Document Classification Model Using Web Documents for Balancing Training Corpus Size per Category
- Author: Park So-Young, Chang Juno, Kihl Taesuk
- Organization: Park So-Young; Chang Juno; Kihl Taesuk
- Publish: Journal of information and communication convergence engineering Volume 11, Issue4, p268~273, 31 Dec 2013
In this paper, we propose a document classification model using Web documents as a part of the training corpus in order to resolve the imbalance of the training corpus size per category. For the purpose of retrieving the Web documents closely related to each category, the proposed document classification model calculates the matching score between word features and each category, and generates a Web search query by combining the higher-ranked word features and the category title. Then, the proposed document classification model sends each combined query to the open application programming interface of the Web search engine, and receives the snippet results retrieved from the Web search engine. Finally, the proposed document classification model adds these snippet results as Web documents to the training corpus. Experimental results show that the method that considers the balance of the training corpus size per category exhibits better performance in some categories with small training sets.
Document classification , Query generation , Text processing , Web documents
Recently, a huge number of documents have been produced and stored in digital archives . Therefore, document classification plays a very important role in many information management and retrieval tasks. It refers to the task of classifying a document into a predefined category. Most digital documents are frequently updated, and writers disseminate information and present their ideas on various topics . Unlike news articles written by well-educated journalists and standardized according to official style guides, most digital documents, such as weblogs and twitter tweets, tend to contain colloquial sentences and slang that misleads the classifier, because anybody can publish anything [3-6]. Considering this cumbersomeness of document classification, researchers have proposed the following approaches.
First, naive Bayes-based approaches have performed well from the perspectives of spam filtering and email categorization, and they require a small training corpus to estimate the parameters necessary for document classification . However, the conditional independence assumption is violated by real-world data and does not consider the frequency of word occurrences . Therefore, these approaches perform very poorly when features are highly correlated .

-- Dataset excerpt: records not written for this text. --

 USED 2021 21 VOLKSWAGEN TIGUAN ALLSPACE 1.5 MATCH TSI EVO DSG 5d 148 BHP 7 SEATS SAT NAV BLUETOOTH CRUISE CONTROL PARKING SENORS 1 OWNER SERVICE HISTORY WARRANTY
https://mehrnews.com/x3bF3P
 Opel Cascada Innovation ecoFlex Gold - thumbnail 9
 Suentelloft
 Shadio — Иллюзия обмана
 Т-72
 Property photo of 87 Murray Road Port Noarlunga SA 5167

Second, the support vector machine (SVM)-based approaches have been recognized as some of the most effective document classification methods as compared to supervised machine learning algorithms. Nevertheless, these approaches have certain difficulties with respect to parameter tuning and kernel selection . Further, the performance of SVM suitable for binary classification degrades rapidly, as the amount of training data decreases, resulting in a relatively poor performance on large-scale datasets with many labels .
Third, knowledge-based approaches have utilized knowledge, such as the meaning and relationships of the words, which can be obtained from an ontology, such as WordNet . However, considering the restricted incompleteness of an ontology, the effect of word sense and relation disambiguation is quite limited [9,10].

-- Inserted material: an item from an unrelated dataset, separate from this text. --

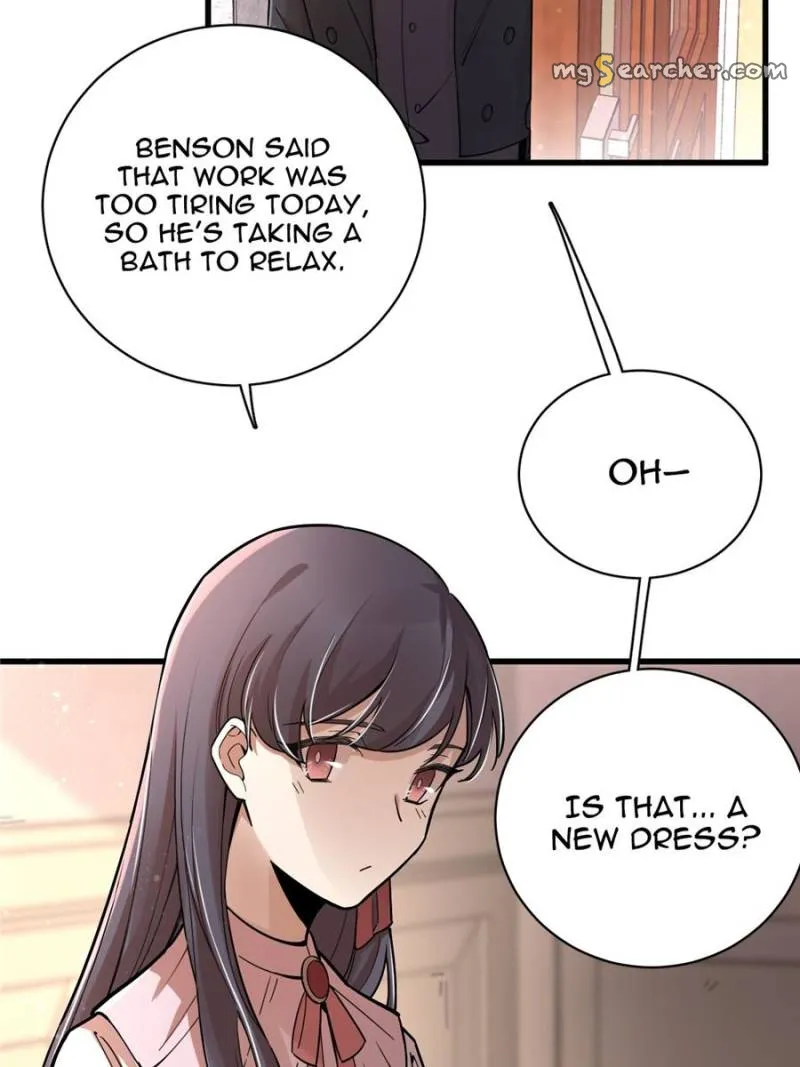 Read Lord of the Mysteries Manga Online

Fourth, Web-based approaches have been used for mining desired information, such as popular opinions from Web documents obtained by traversing the Web in order to explore information that is related to a particular topic of interest. However, Web crawlers attempt to search the entire Web, which is impossible because of the size and the complexity of the World Wide Web .
In this paper, we propose a document classification model to solve the imbalance of the training corpus size per category by utilizing Web documents. The rest of this paper is organized as follows: Section II presents an overview of the proposed model consisting of a prediction phase to assign a category to a given document, and a learning step to balance the training corpus size by adding Web documents. Then, Section III presents some experimental results, and the characteristics of the proposed method are presented as the conclusion of this paper in Section IV.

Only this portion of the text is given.